Activity - From the first line to the last, print the data exactly as it appears.

Exercise inputs -
--------

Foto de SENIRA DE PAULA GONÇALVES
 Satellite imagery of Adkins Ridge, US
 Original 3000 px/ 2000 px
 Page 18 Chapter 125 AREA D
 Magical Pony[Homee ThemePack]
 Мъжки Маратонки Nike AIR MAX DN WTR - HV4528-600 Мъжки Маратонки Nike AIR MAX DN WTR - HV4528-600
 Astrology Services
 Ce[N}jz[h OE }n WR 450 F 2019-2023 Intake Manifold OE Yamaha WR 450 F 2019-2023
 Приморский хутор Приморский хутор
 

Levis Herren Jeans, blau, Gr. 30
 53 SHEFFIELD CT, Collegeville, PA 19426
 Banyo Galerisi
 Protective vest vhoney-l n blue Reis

--------

Written answer -
Foto de SENIRA DE PAULA GONÇALVES
 Satellite imagery of Adkins Ridge, US
 Original 3000 px/ 2000 px
 Page 18 Chapter 125 AREA D
 Magical Pony[Homee ThemePack]
 Мъжки Маратонки Nike AIR MAX DN WTR - HV4528-600 Мъжки Маратонки Nike AIR MAX DN WTR - HV4528-600
 Astrology Services
 Ce[N}jz[h OE }n WR 450 F 2019-2023 Intake Manifold OE Yamaha WR 450 F 2019-2023
 Приморский хутор Приморский хутор
 

Levis Herren Jeans, blau, Gr. 30
 53 SHEFFIELD CT, Collegeville, PA 19426
 Banyo Galerisi
 Protective vest vhoney-l n blue Reis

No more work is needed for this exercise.